What you will do
From the data that follows, set down exactly the lines from the one with "BMW i4 2024" through the one with "Rising Sun & Aparthotel 2*", counting both. Pictures stay out.

Dataset
◆ ◆ ◆

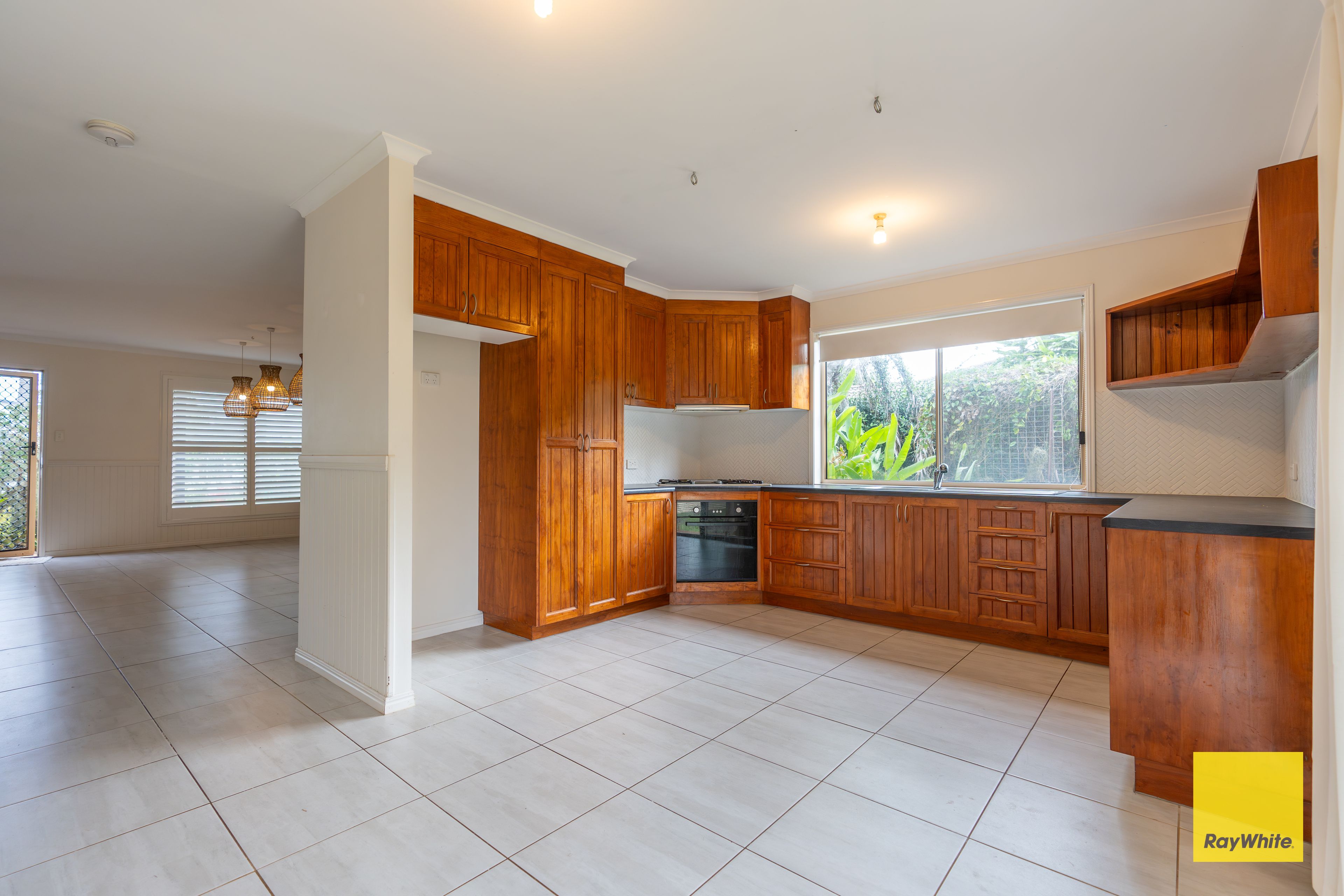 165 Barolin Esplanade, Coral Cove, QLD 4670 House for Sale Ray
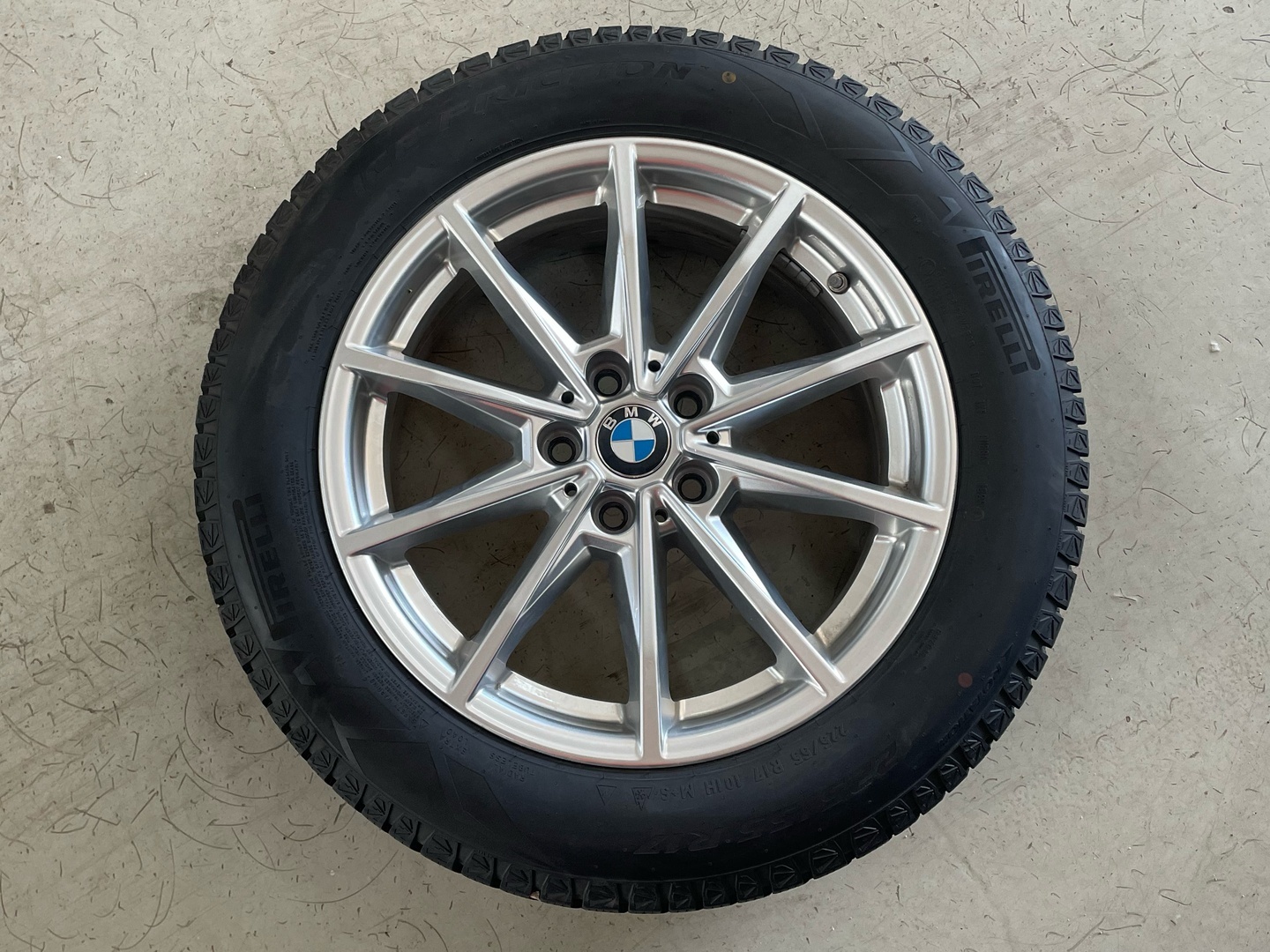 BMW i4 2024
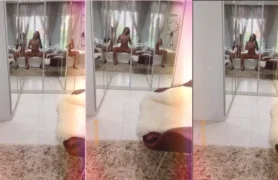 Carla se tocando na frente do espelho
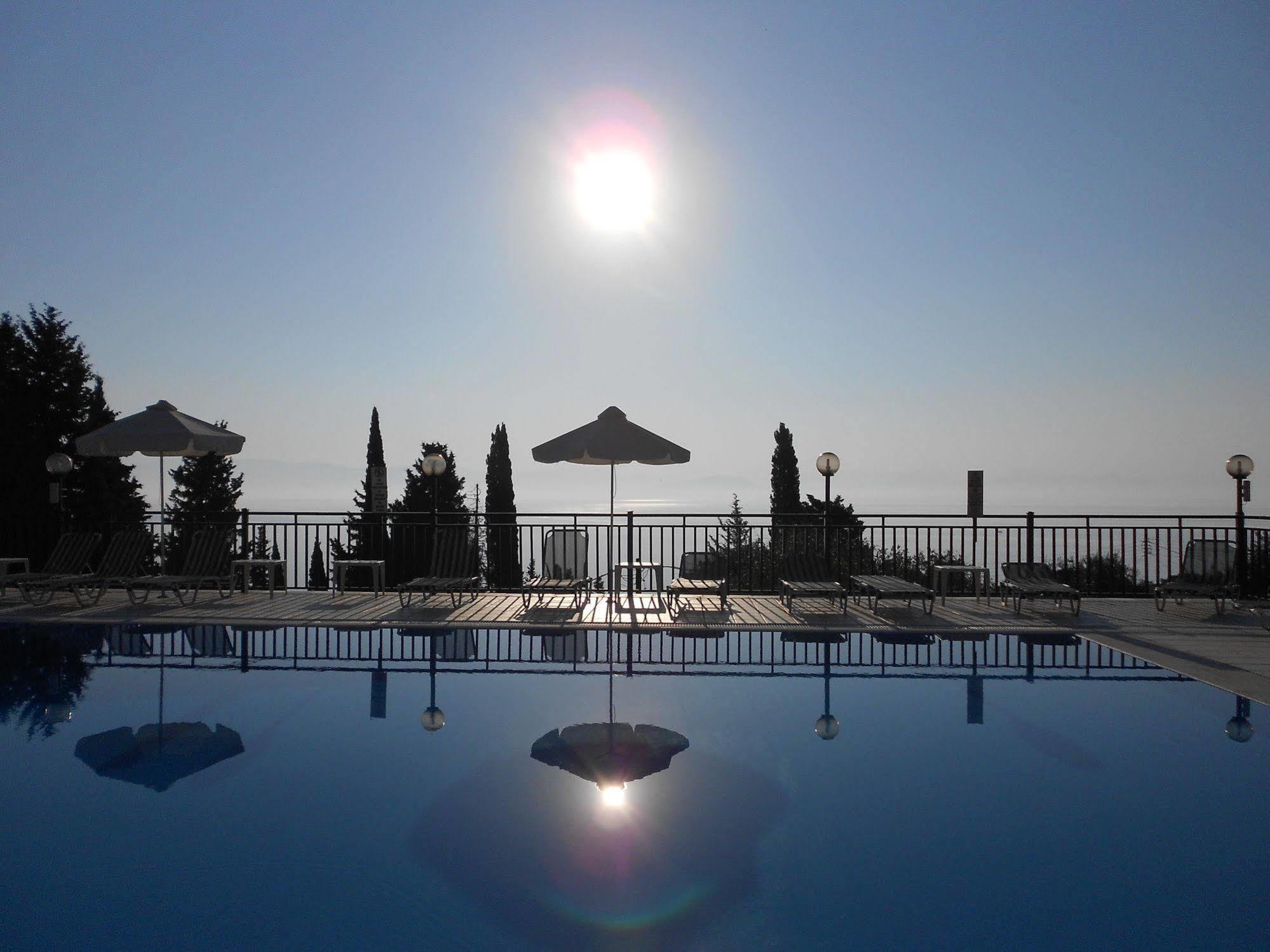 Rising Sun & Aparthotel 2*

◆ ◆ ◆

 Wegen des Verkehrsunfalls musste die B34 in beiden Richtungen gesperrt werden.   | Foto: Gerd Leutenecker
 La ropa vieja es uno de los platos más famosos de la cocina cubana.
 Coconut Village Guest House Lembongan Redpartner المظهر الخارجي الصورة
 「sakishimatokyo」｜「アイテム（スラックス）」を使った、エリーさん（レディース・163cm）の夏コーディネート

◆ ◆ ◆

Reply to the exercise
 BMW i4 2024
 Carla se tocando na frente do espelho
 Rising Sun & Aparthotel 2*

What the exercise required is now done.